Emergency Plan Should Include Insurance

Confirm adequate insurance protection is in place for your home, personal property, and vehicles before an emergency situation occurs.

  • Identify existing insurance policies.
  • Evaluate current insurance needs.
  • Review protection provided by in-force policies.
  • Adjust coverage as needed.

Create an insurance policy master file. Having quick access to insurance documents after an emergency will help you start the claim process more quickly. Include names, policy numbers, contact numbers, policy forms, and declaration pages for home, auto, life, health, and supplemental insurance policies. Review policy limits, coverages, exclusions, restrictions, loss settlement terms, etc. for each insurance policy.

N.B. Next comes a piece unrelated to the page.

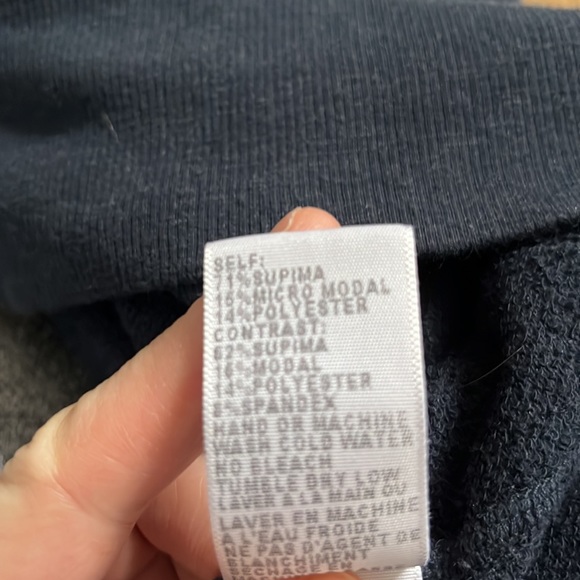 Navy crew neck long sleeve sweater - Picture 3 of 3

Take time during this process to assess your family's insurance needs. Confirm protection provided by each insurance policy matches your requirements. Look for coverage gaps and get in touch with a local insurance agent to increase, broaden, or secure additional insurance.

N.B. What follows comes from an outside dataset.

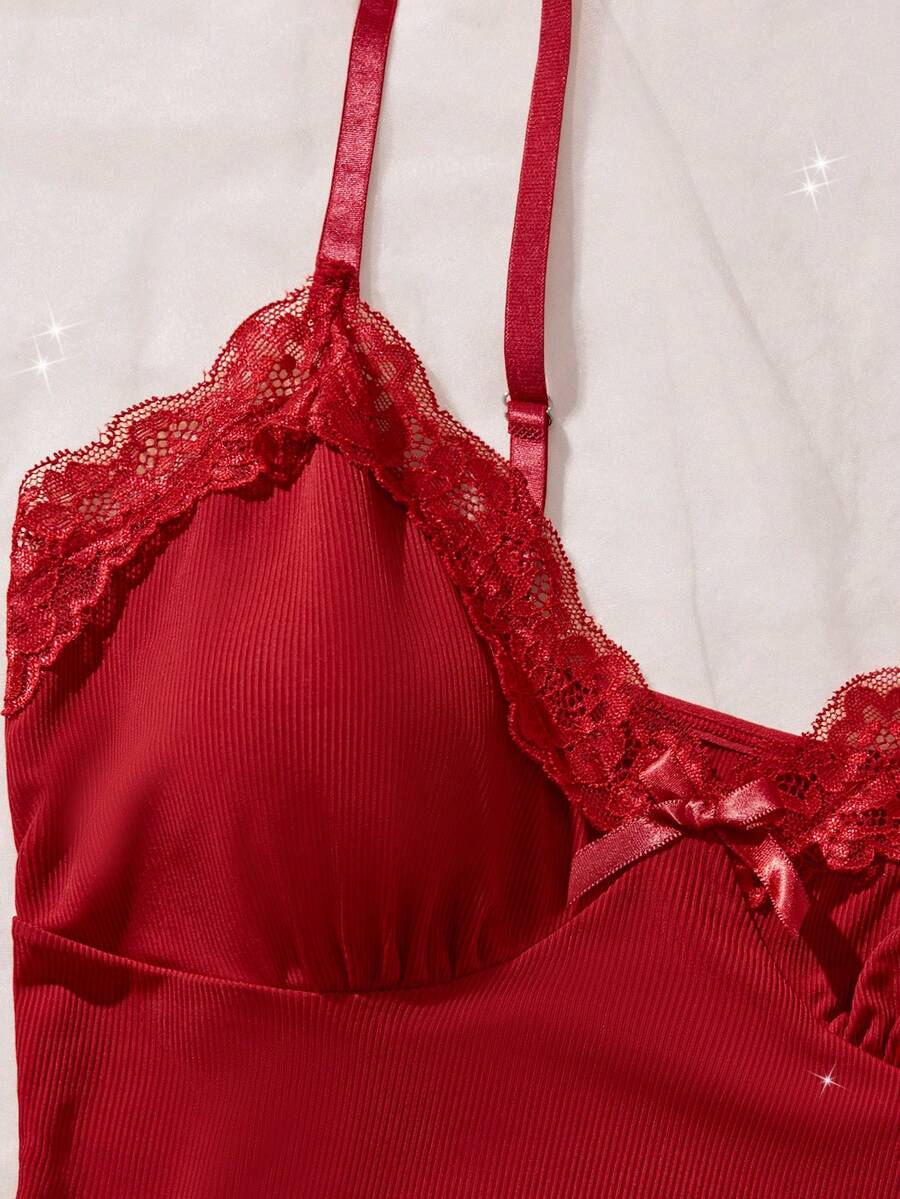 SHEIN طقم بيجامة مزينة بالدانتيل والفيونكة قميص وسروال برباط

Restoring damaged property following unexpected loss can add up quickly. Victims often share these costs with an insurance company. Points to keep in mind to avoid a coverage surprise:

Homeowners Insurance:

  • Dwelling coverage limit. It is best to insure your home for its replacement cost, which is how much it takes to rebuild with materials of like kind and quality without subtracting for depreciation. Insuring for less than replacement cost could result in a claim settlement below the amount needed to rebuild or repair damage. Partial dwelling losses are typically paid on a replacement cost basis. Total losses cannot exceed the dwelling limit unless the policy has guaranteed or extended replacement cost coverage.
  • Contents coverage limit. Most people own more personal property than they realize. Create a room-by-room home inventory to assess contents insurance needs. Be as specific as possible including brand names, model information, serial numbers, and receipts. Photographs, videos, and value appraisals are also useful. Policies often cap loss settlements on unique or high-value items like jewelry, artwork, antiques, and more. Coverage may be available through a buy-back endorsement. Contents losses are settled on an actual cash value (depreciated) basis unless the policy includes contents replacement cost coverage as an add-on.
  • Homeowners insurance policies typically exclude damage related to flood and earthquake. Flood insurance is available as a separate, stand-alone policy. Many insurers offer earthquake coverage as a buy-back endorsement.

Auto Insurance:

  • The insurer will pay for repairs to your damaged vehicle caused by tornado, flood, fire, theft, and more if the policy has comprehensive coverage. Most auto insurance policies have a comprehensive deductible.

Life Insurance:

  • A variety of life insurance products are available for individual purchase. Many employers offer group life coverage as well. Identify each life insurance policy, check the face value, review beneficiary details, and note the type of coverage provided (term, whole life, universal life, variable life, etc.)